A Secretaria de Estado de Assistência Social e Cidadania do Governo de Mato Grosso afirmou, em nota, que não pode informar se as vítimas citadas na reportagem estão ou estavam sob os cuidados de algum programa de proteção às testemunhas porque se trata de um assunto sigiloso.
A Polícia Civil de Mato Grosso informou que as buscas pelo mandante da chacina de Colniza não terminaram e são realizadas em parceria com policiais de Rondônia.
AS VÍTIMAS
Sebastião de Souza, 57
Pastor da Assembleia de Deus em Guatá, distrito de Colniza a cerca de 140 km de Taquaruçu do Norte. Era um dos posseiros da linha (picada) 15, alvo de disputa. Sua casa no local já havia sido incendiada em 2014. Foi encontrado com um facão enterrado na nuca.
Fábio dos Santos, 37
Trabalhava principalmente como pedreiro. Foi contratado pelo pastor Sebastião de Souza para limpar o terreno —o dia de trabalho custa cerca de R$ 55 na região. Morava em uma vila próxima e não tinha terras. Evangélico da Assembleia de Deus, deixou quatro filhos.
Ezequias de Oliveira, 26
Posseiro, tinha um lote fora da área em disputa e estava no local trabalhando como diarista. Fiel da Assembleia de Deus.
Edison Antunes, 32
Outro posseiro que estava no local contratado como diarista. Era diácono da Assembleia de Deus. Tinha quatro filhos.
Aldo Carlini, 50
Um dos que estavam no local trabalhando como diarista. Seu lote está fora da área em conflito.
Samuel da Cunha, 23
Recém-chegado de Nova Brasilândia (RO), estava no local como diarista e também tinha lote fora da linha 15.
Valmir do Nascimento, 55
Um dos três mortos que tinham lote na linha 15, área do assentamento em disputa.
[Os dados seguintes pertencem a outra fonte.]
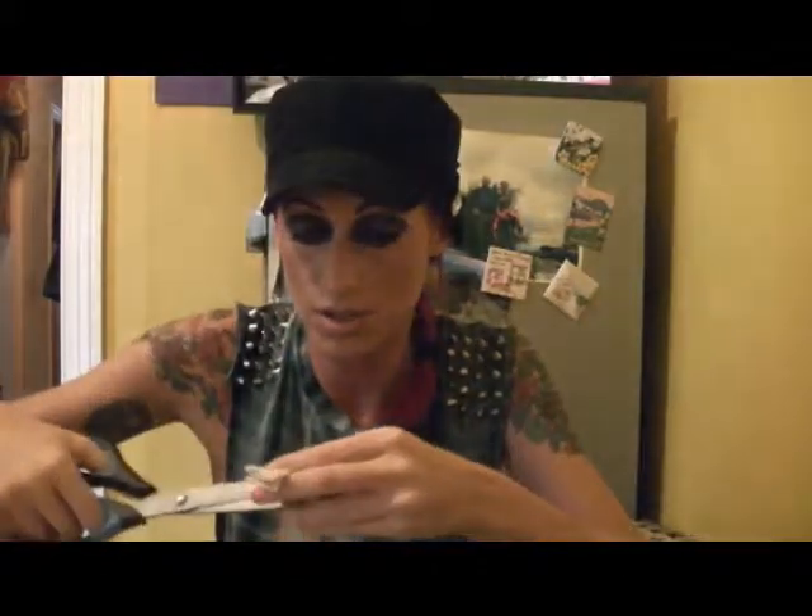Now what I'm going to do is take those little bits that we cut off the sleeves earlier and just measure little 2-inch strips. I think I'm going to do 10 little strips.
Foi encontrado com as mãos amarradas para trás. Tinha dois filhos.
Izaul dos Santos, 50
Posseiro da linha 15. Respondia a um processo por homicídio simples. Seu filho e sua nora são dois dos quatro que estavam na área da chacina e conseguiram fugir.
Francisco da Silva, 56
Também estava no local como diarista. Em agosto de 2015, foi multado em R$ 115 mil pelo Ibama por ter desmatado ilegalmente 22 hectares de floresta.